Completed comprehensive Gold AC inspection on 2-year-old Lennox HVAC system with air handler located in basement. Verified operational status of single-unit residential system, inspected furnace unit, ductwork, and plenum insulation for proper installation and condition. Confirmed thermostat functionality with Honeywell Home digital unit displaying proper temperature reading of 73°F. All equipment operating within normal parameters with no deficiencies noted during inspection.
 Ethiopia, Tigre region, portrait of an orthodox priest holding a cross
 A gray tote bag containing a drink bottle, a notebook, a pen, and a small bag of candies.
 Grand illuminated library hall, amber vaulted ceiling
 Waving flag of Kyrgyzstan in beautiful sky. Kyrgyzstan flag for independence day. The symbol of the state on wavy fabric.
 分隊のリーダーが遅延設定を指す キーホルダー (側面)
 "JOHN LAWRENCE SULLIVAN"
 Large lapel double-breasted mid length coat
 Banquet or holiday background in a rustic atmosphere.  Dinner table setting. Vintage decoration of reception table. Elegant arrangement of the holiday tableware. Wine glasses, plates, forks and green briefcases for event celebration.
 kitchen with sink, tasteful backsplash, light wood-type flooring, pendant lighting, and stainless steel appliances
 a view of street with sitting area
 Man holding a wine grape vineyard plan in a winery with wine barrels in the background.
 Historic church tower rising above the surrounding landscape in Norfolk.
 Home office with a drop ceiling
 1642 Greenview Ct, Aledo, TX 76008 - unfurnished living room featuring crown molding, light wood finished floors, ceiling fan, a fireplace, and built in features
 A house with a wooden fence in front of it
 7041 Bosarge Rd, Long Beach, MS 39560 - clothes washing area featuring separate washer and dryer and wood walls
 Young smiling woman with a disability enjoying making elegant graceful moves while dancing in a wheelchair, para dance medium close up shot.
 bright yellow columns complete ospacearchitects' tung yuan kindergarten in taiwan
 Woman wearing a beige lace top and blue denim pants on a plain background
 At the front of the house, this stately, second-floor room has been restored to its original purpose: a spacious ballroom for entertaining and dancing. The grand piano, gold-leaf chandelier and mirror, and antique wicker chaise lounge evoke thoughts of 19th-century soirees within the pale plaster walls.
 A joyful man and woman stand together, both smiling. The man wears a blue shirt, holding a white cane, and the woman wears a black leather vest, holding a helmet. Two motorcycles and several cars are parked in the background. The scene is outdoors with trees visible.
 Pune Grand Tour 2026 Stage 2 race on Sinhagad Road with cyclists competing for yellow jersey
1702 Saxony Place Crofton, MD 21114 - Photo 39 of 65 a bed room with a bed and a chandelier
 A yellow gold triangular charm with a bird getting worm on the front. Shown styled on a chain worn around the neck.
□ □ □ □ □ □ □
For this task, copy exactly the line with "Young smiling woman" and the lines that come after it, stopping at the end of the material above.

● RESULT OF THIS TASK
 Young smiling woman with a disability enjoying making elegant graceful moves while dancing in a wheelchair, para dance medium close up shot.
 bright yellow columns complete ospacearchitects' tung yuan kindergarten in taiwan
 Woman wearing a beige lace top and blue denim pants on a plain background
 At the front of the house, this stately, second-floor room has been restored to its original purpose: a spacious ballroom for entertaining and dancing. The grand piano, gold-leaf chandelier and mirror, and antique wicker chaise lounge evoke thoughts of 19th-century soirees within the pale plaster walls.
 A joyful man and woman stand together, both smiling. The man wears a blue shirt, holding a white cane, and the woman wears a black leather vest, holding a helmet. Two motorcycles and several cars are parked in the background. The scene is outdoors with trees visible.
 Pune Grand Tour 2026 Stage 2 race on Sinhagad Road with cyclists competing for yellow jersey
1702 Saxony Place Crofton, MD 21114 - Photo 39 of 65 a bed room with a bed and a chandelier
 A yellow gold triangular charm with a bird getting worm on the front. Shown styled on a chain worn around the neck.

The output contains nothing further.